EXERCISE DESCRIPTION
Would you write out the listing verbatim and skip every picture in it?

PROVIDED DATA
---

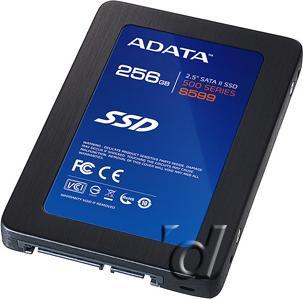 Produktbild Adata SSD S599 256GB, SATA-II, 2.5 Zoll, MLC (256 GB, 2.5")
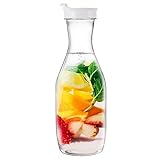 Party Bargains 50 oz. Plastic Carafe with Lids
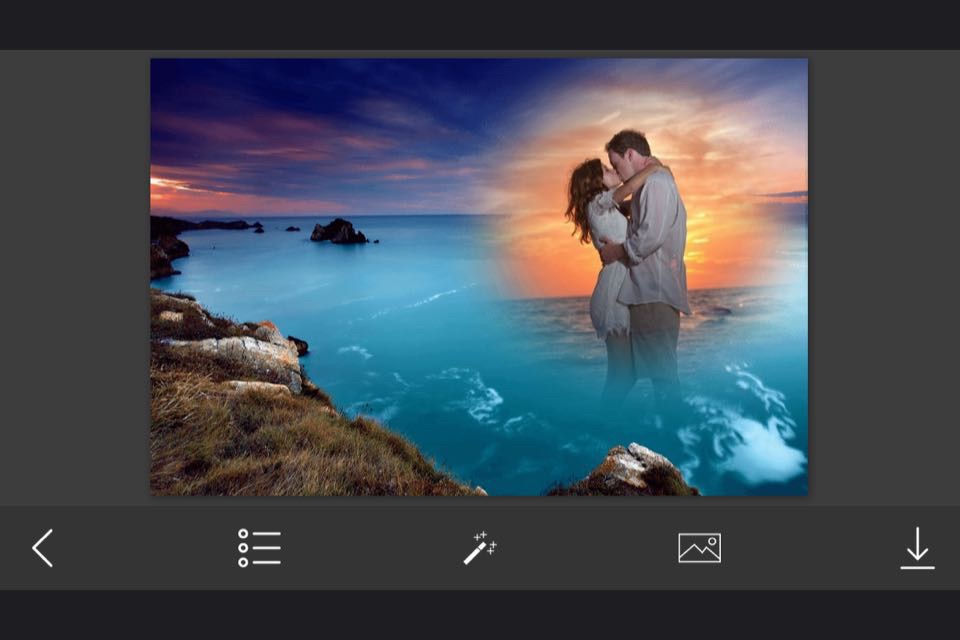 Honeymoon Photo Frame - Make Awesome Photo using beautiful Photo Frames screenshot 2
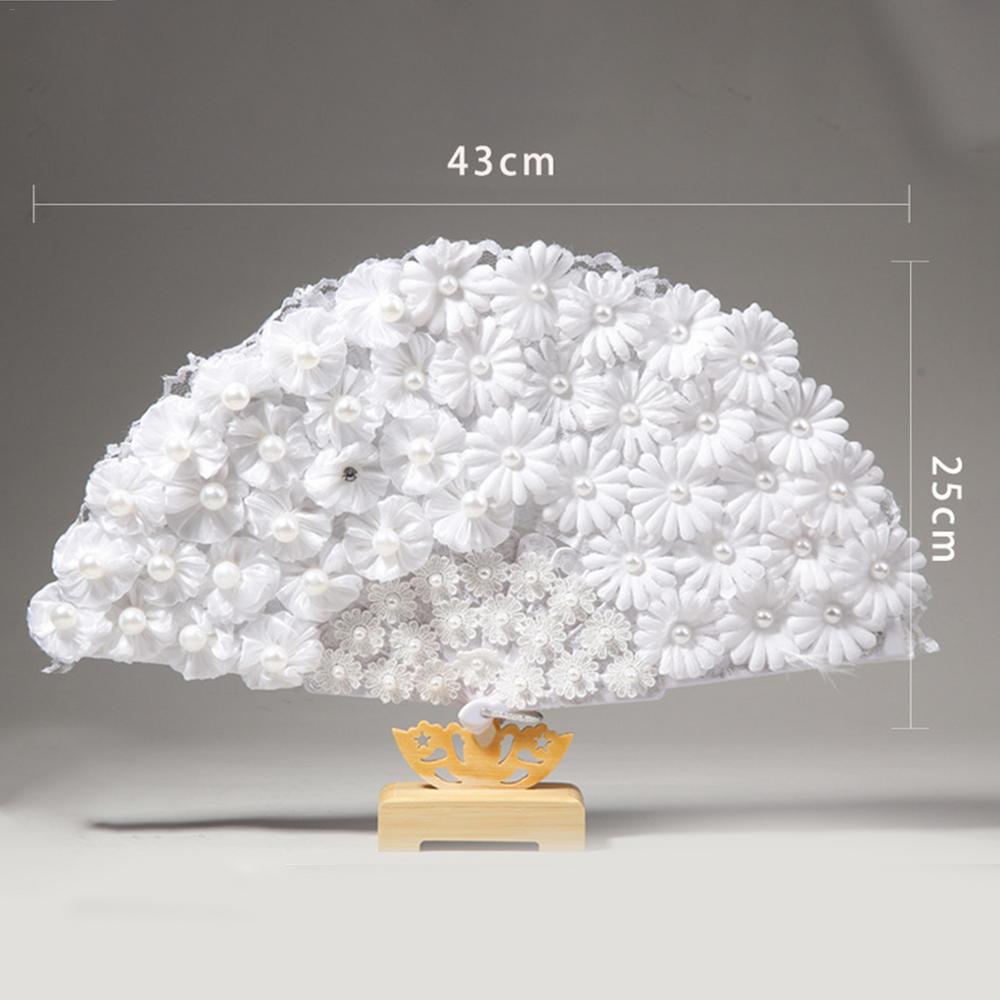 Hand Fans Folding Fan Hand Portable Favor Gift Party Fans Wedding Feather Fan Performance Dj Bar Club Room Party Decoration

---

SOLUTION TO THIS TASK
 Produktbild Adata SSD S599 256GB, SATA-II, 2.5 Zoll, MLC (256 GB, 2.5")
 Party Bargains 50 oz. Plastic Carafe with Lids
 Honeymoon Photo Frame - Make Awesome Photo using beautiful Photo Frames screenshot 2
 Hand Fans Folding Fan Hand Portable Favor Gift Party Fans Wedding Feather Fan Performance Dj Bar Club Room Party Decoration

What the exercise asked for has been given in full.